- Second baseman
- Born: February 10, 1894 Kansas City, Kansas, U.S.
- Died: April 18, 1953 (aged 59) Kansas City, Kansas, U.S.
- Batted: RightThrew: Right

MLB debut
- September 23, 1920, for the Pittsburgh Pirates

Last MLB appearance
- October 3, 1925, for the Brooklyn Robins

MLB statistics
- Batting average: .296
- Home runs: 31
- Runs batted in: 331
- Stats at Baseball Reference

Teams
- Pittsburgh Pirates (1920–1923); Philadelphia Phillies (1923); Boston Braves (1924); Brooklyn Robins (1925);

= Cotton Tierney =

American baseball player (1894–1953)

James Arthur "Cotton" Tierney (February 10, 1894 – April 18, 1953) was an American professional baseball second baseman and third baseman.

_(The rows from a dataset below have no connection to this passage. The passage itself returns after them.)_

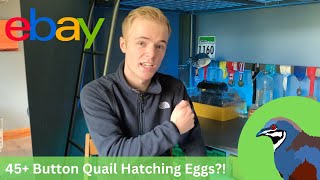 49 of the worlds smallest eggs from ebay! | Button Quail Incubation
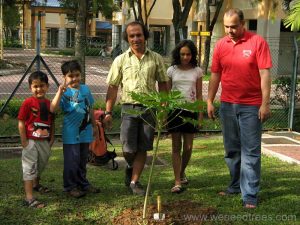 Planting tree in Garden city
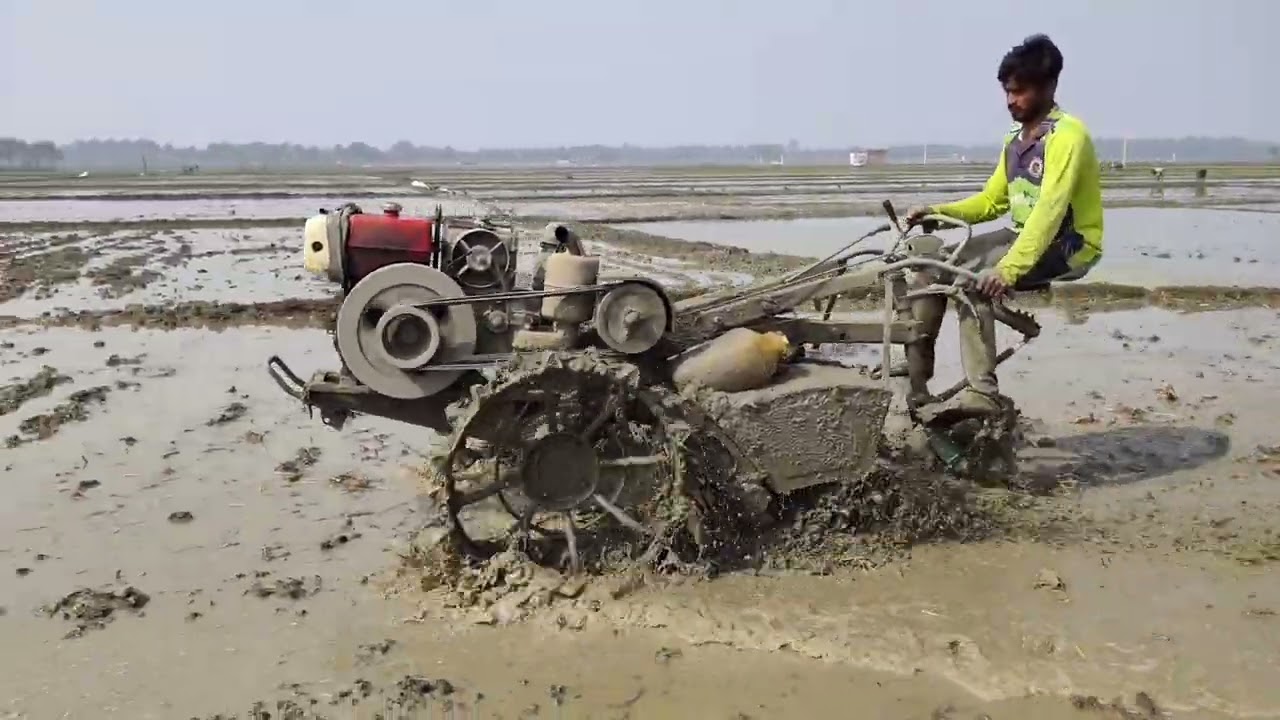 Power Tiller Mud Plowing for Rice Plantation  পাওয়ার টিলার দিয়ে ধান চাষের জমি তৈরি।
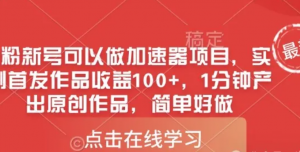 0粉新号可以做的加速器项目，实测首发作品收益100+，1分钟产出原创作品，简单女做-阿鑫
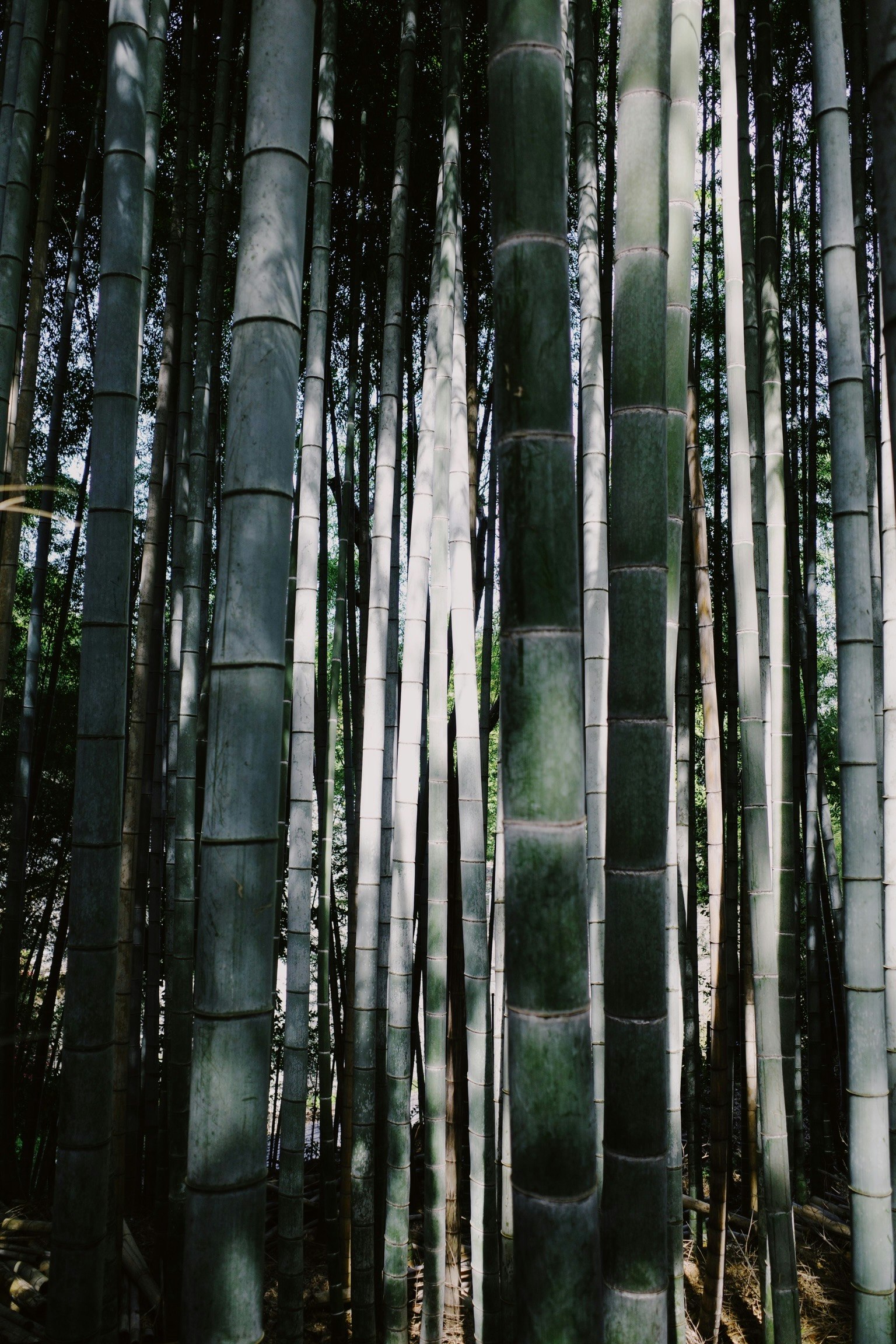竹林中细长竹竿成排林立的景象
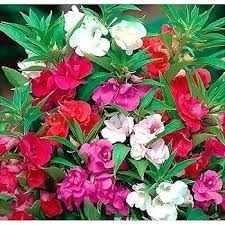 Camilla balsam impatiens mix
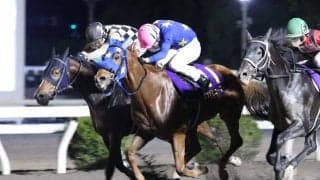 【高知・黒潮マイルCS】老いてなお強し！11歳馬グッドヒューマーが快勝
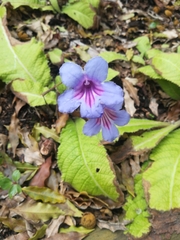 Streptocarpus primulifolius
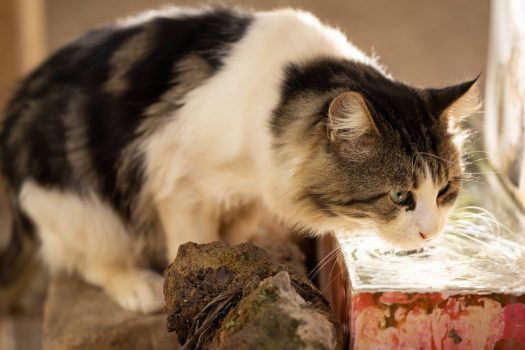 ¿Cómo mantener hidratado a tu gato si no bebe agua?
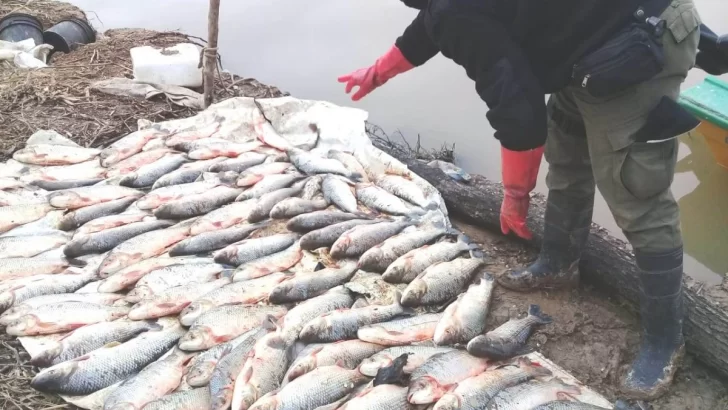 Los Pumas decomisaron casi 300 pescados en Barrancas: Dos sancionados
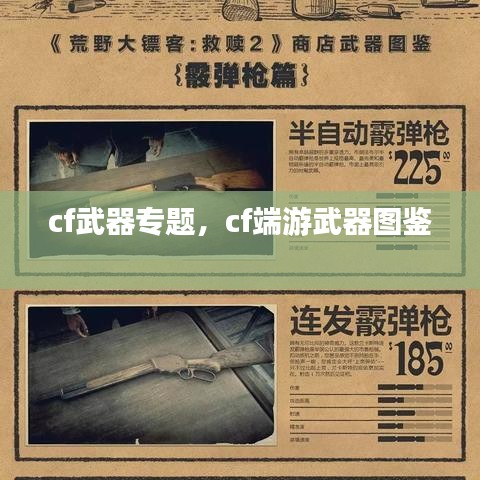 cf武器專題，cf端游武器圖鑒 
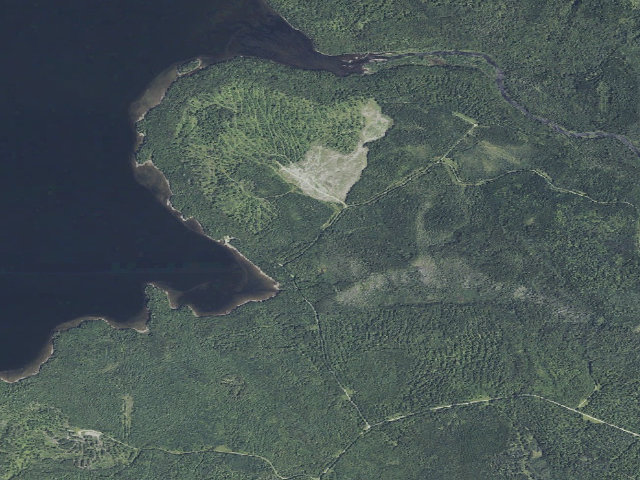 Aerial image of Jewett Cove (Moosehead Lake Shoreline Public Land)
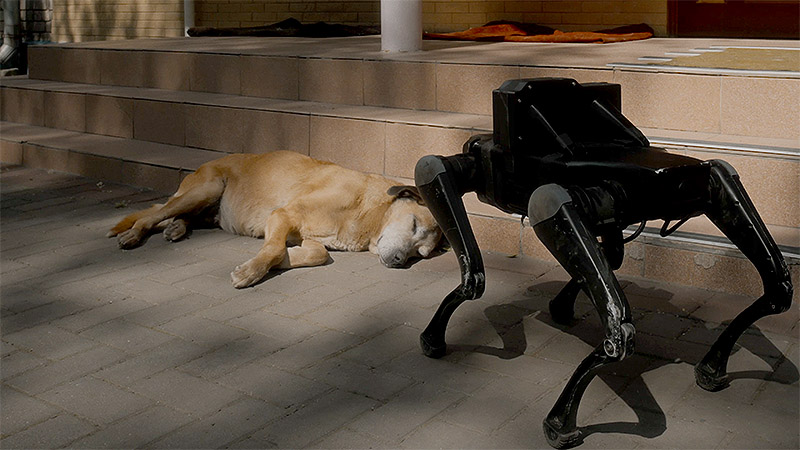 Malashchuk y Khimei muestran Pedagogies of War en TBA21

He played in Major League Baseball (MLB) for the Pittsburgh Pirates,
Philadelphia Phillies, Boston Braves, and Brooklyn Robins between 1920 and 1925. Tierney was born in Kansas City, Kansas.

==Career==
Tierney began his professional career in minor league baseball in 1912. The Pittsburgh Pirates acquired Tierney after he played for the Tulsa Oilers of the Class A Western League. Tierney and teammates Charley Grimm, Rabbit Maranville, and George Whitted, became known as the "Banjo Boys". On October 2, 1920, he played every inning in all three games of modern baseball's only tripleheader; he is the only player to play three complete major league games in one day. (Morrie Rath is the only other player to have played in each of that day's 3 games, but Rath left the third game after two innings, before making a plate appearance.)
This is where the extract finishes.